Multi-dimensional planning is the future

Econometric 5-D hospital modelling optimises workflow

Hospital refurbishment or new buildings can quickly run into several million euros.

Visualisation of geometric structures as the basis of the actual data simulation
Visualisation of geometric structures as the basis of the actual data simulation

Thus financial managers first need to assess whether theoretical plans realistically marry with future practical needs in daily hospital life, such as best patient care, resources and utilisation, avoidance of down and waiting times, under and over capacities, and whether the project will pay off. ‘With all these considerations, a simulation of treatment processes, using a virtual building model, can help,’ says Dr Michael Küpper, MD of M+management GmbH in Munich, a firm offering this procedure. Computer modelling facilitates various models and opportunities being run through until the best solution is found.’

What if?

The computer simulation proceeds according to the VAO method: Visualising, Analysing, Optimising. Parameters such as patient and staff facilities, operating theatres, recovery and waiting rooms, beds, equipment etc. are modelled onto a scaled plan of the new building. Using special tools, the typical processes, times, durations and costs are defined and distances are traced in the model. External data, such as examination and surgery times, work rotas, appointment diaries, and more, can be accessed via an interface. These parameters are then animated and simulated using the hospital data. Initially, the result is a realistic evaluation of the status quo. Potential problem areas and weaknesses can be recognised and compared with reference data.

The procedure

  1. Objectives and target figures are determined and processes analysed
  2. The relevant patient groups and their movements are recorded with the corresponding data through talks with doctors and nurses
  3. Data preparation (new data collation or adaptation of existing data through clustering for instance)
  4. Visualising, verifying and validating of actual processes in flow diagrams
  5. Creation of simulation models
  6. a. Animated simulation of actual situation
  7. b. Animated simulation of target situation with actual processes
  8. Workshop on fine tuning of processes and results – identification of optimisation approaches
  9. Data transfer into an abstract space and function programme
  10. Adaptation/optimisation of layout planning
  11. Creation of optimised simulation model in a 3-D building model
  12. Animated simulation of the new target situation with target process to check spatial planning (of existing versions)
  13. Animated simulation of different future scenarios, such as with increased patient numbers

Example: Planning a day clinic construction

Patient processes are established in the shape of swim lane flowcharts, where the competencies and rooms are shown. Patients requiring the same type of procedures were clustered. The processes shown were transferred to the planned layout of the Day Clinic and entered into the simulation model (diagram 1). Evaluation of the simulation, based on the actual data, confirmed the real, existing waiting times for patients as well as the capacity of rooms on one working day. Increasing resources did not result in further improvement. However, optimisation led to a significant increase in patient stays and waiting times. The average patient’s stay in the clinic can be cut from almost three hours to 35 minutes. The new building should also be able to cope with patient numbers increasing by 15%, as seen in recent years. This is why the preferred type of planning was an approach where computer simulation ensured that the planned geometric structures, as well as the number of resources required, harmonised with the processes. A simulation model with actual processes was designed based on a revised construction layout with the affected functional areas. (See diagram 2 for result of simulation run with the target data.) Thus it was possible to cut staff movements by around 50%, and running costs could be reduced due to cutting down on excess capacities.

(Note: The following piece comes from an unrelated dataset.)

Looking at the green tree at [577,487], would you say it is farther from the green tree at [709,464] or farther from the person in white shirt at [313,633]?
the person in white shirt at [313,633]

Geometric and functional structures in the building data model

Changing target values (patient numbers, waiting times, room sizes, resources utilisation) results in prioritisation of the spatial allocation of floor space in the computer model. The objective: Reducing distances and staff movements, patient waiting times, increasing throughput and cutting down on facilities required. In this way, staff movements in the day clinic were cut from 85km a day to 40km a day, equipment utilisation was increased from 65% to 85% and the energy requirement was cut from 380kWh/ m2 to 260kWh/m2 a year. The implementation of the target result data (target values) and the surface space from the room and function programme into a digital building model facilitated the calculation of building costs required for planning and running costs. As a result of the optimised space and creation of efficient geometric structures, building costs for the current example were reduced by 15%. ‘Planning a building on a digital, virtual model puts an end to halfknowledge and isolated solutions. Our solution is a central data set with all relevant data used to design and run a building holistically, economically and with a look to the future. Multi-dimensional planning is the future – and nothing is as sure as the future,’ explains Dr Klaus Kühn of M+management GmbH the 5D Hospital model.


After studying architecture in Stuttgart, Dr Michael Küpper became a planner in architecture practices in London, Hamburg and Munich. Since the mid-1990s he has focused increasingly on hospital planning, initially as a freelancer for project management in hospital construction for a Munich engineering firm. In 2000 he became a Managing Partner of M-management GmbH, which specialises in healthcare projects.